Lecture: The King James Bible with Melvyn Bragg

27 08 2011

Melvyn BraggAs one of a very small group of writers who attended the very first Edinburgh Book Festival in 1983, Melvyn Bragg returned to a warm welcome from festival directory, Nick Barley, and a stowed out RBS Main Tent.

Bragg wasn’t here to promote a new book as such, rather lecture us on the background and development of the King James Bible and the impact it has had, and still has, on modern life.

If this had been a television programme, I might have turned over to something else but Bragg’s enthusiasm and instantly recallable knowledge hooked me in from the start. “It’s the single most important book in the last 400 years,” he said, and followed it up with: “It is the most pivotal book ever written; a steel of drive and will that to the development of modern democracy and has shaped our views on all sorts of issues: feminism, slavery, oppression…”

If that’s not enough to pique your interest then nothing is.

Bragg began at the beginning: “History belongs to all of us regardless what our faith is – Christian, Muslim, whatever—or even if we have no faith.
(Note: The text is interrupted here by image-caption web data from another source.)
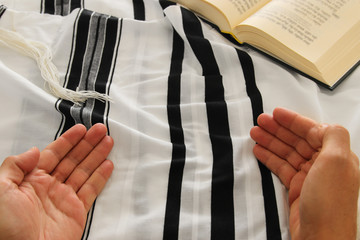 Jewish man hands next to Prayer book, praying, next to tallit. Jewish traditional symbols. Rosh...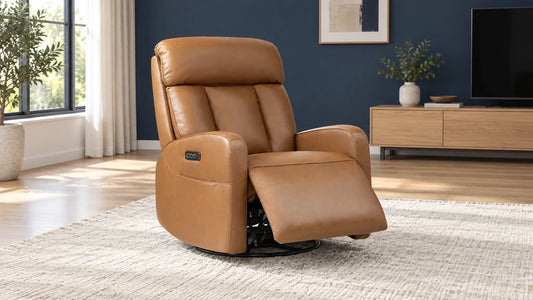 Tan Maxwell swivel recliner with its footrest extended in a living room with a blue wall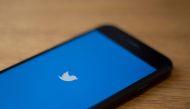 (FILES) In this file photo taken on July 10, 2019, the Twitter logo is seen on a phone in this photo illustration in Washington, DC. AFP / Alastair Pike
It belongs to humanity; there are no boundaries.”

He worked his way through the book’s origins with such authority, it felt as though he was speaking as a witness, not a man who has simply studied the subject history.

“The idea that slavery is inevitable has been abolished and that is a triumph for humanity. An it happened because of the King James Bible,” he said. “It gave early American immigrants a bond, a common language with which they could connect.”

Some of his statements soon became quite sweeping and controversial. Then again, the delivery of his speech was fast becoming emotive regardless of your position, so perhaps the reaction he gleaned was inevitable.

“I admire Dawkins greatly but I wish he wouldn’t write about religion” he said. “It’s offensive because his ignorance is often criminal. He’s not done his research; he’s wrong about a lot of things.”

“That big bang 13 million years ago : was it the start, middle or end of something?” he asked rhetorically, before adding: “The hadron collider is like trying to find out how many angels you can balance on the end of a needle.”

An interesting image perhaps, but just as soon as it felt he had begun time had run out. So he left is with this vignette to finalise his case of the importance of the King James Bible: “When Obama spoke to our leaders in the Great Hall at Westminster, he made a good speech. But I would much rather have shown him the spot where King Charles I was executed just down the road, and the place where the slave trade was finally abolished. I think that would have said much more.”